L’artista cassarina in cinque anni ha colmato le lacune di un neofita, sia pur predestinato, pittore, come ci fa sapere la sua biografia d’infanzia, timidamente evocata da ricordi lontani, di quando sedeva piccolisssimo sulle ginocchia della zia Maria che lo ammaliava col disegno. Il suo gesto pittorico si nutre ancora d’un approccio melanconico verso quell’età, teso a suscitare in lui uno sguardo d’intesa e meraviglia quando ritrae, solitarie, l’ombra e la figura di una bambina, camminanti in una piazza di basole assolate. Quadri di vita quotidiana, passeggiate sulla battigia con la brezza delle onde sui piedi: l’attesa forse del raggio verde (quel fenomeno che si può cogliere per brevissimo tempo e di rado quando l’occhio del giorno muore all’orizzonte) tra solitudini e caute apprensioni, intime conversazioni, impressioni di felicità composte come in un set di Eric Rhomer, dove delle persone sparse, un gruppo di donne dai corpi abbagliati, ad eccezione di un solo uomo, siedono in un caffè siciliano, aspettando, stavolta, un miraggio barocco. E poi altri scorci d’atetsa, luoghi municipali, con una ragazza esistante, mentre il sole le ricama addosso la gonna di giallo le lascia sulla pelle un riverbero.

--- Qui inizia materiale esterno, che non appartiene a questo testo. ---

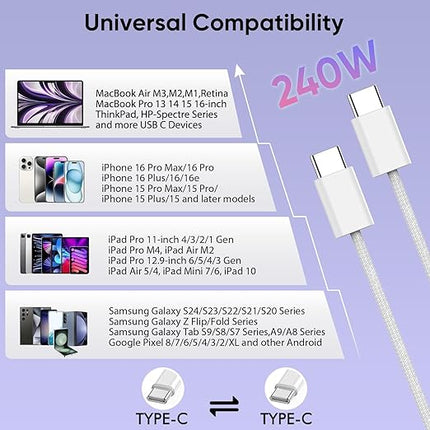 USB C to USB C,240W USBC Woven Charge Cable,10FT 2Pack Long USBC Cable Fast Charging Cord for Apple MacBook Pro/MacBook Air,iPad Pro/Air,iPad mini,iPhone 16e 16 15 ProMax Compatible 140W/100W/60W/45W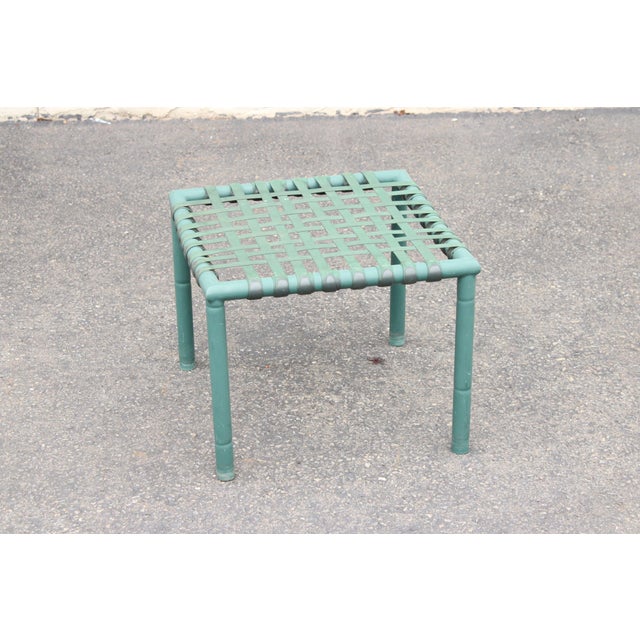 Green Hauser Vintage Pair of Faux Bamboo Outdoor Patio Stools For Sale - Image 8 of 12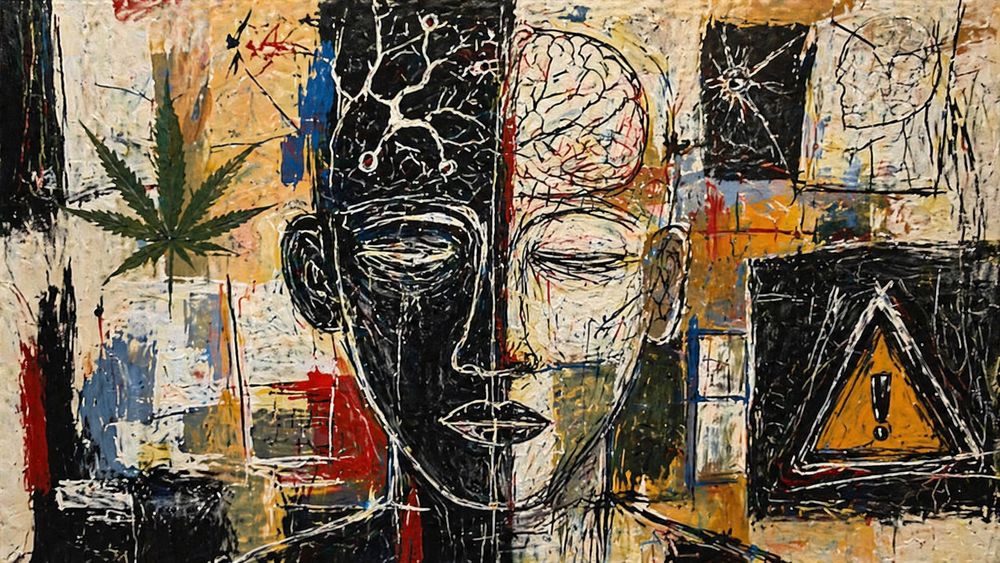 Künstlerisches Bild eines fragmentierten Gesichts mit Gehirn, Warnsymbol und Cannabisblatt im Basquiat-Stil.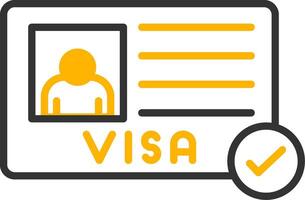 Travel Visa Verification Line Two Color vector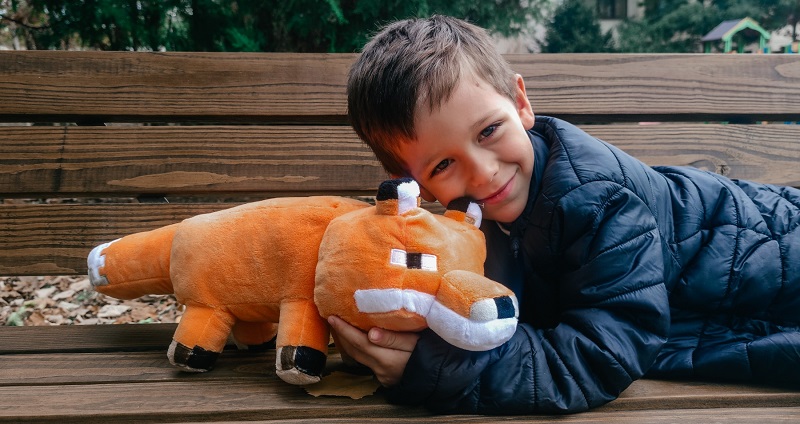 момче и плюшена играчка fox minecraft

Gianmaria Cassarino scrive con la figurazione narrativa di moemnti, spalmati dal colore, lunga la traiettoria di un chiarore che s’irradia e si compone come sostanza della forma. Epure gli ultimi suoi recenti ritratti, conclusi in questi primi mesi del 2023, come l’icastica figura di Franco con la lunga e copiosa barba o la seduta pratica e corrucciata di Pat su un divano confessano, a noi che li abbiamo attentamente guardati, il nuovo stato delle cose. Qualcosa di dirompente e asimmetrico che si palesa, pronto a scardinare la continuità dell’immagine a cui ci ha abituato. Si avverte, insomma, a vista d’occhio, che la svolta che fa capolino nella pittura di Gianmaria è protesa a guardare all’insieme dell’atto pittorico, senza dare priorità agli echi di una lumeggiante materia. La sua ricerca vira in direzione di una lussureggiante opaca forma della sostanza. Ovvero il colore illuminato dal calore… E siamo sempre all’inizio, così ricomnciamo di nuovo tra le fiorite armonie di vibrante intesa di tutti i sensi in festa, come canta Franco Battiato, sono solo l’ombra della luce.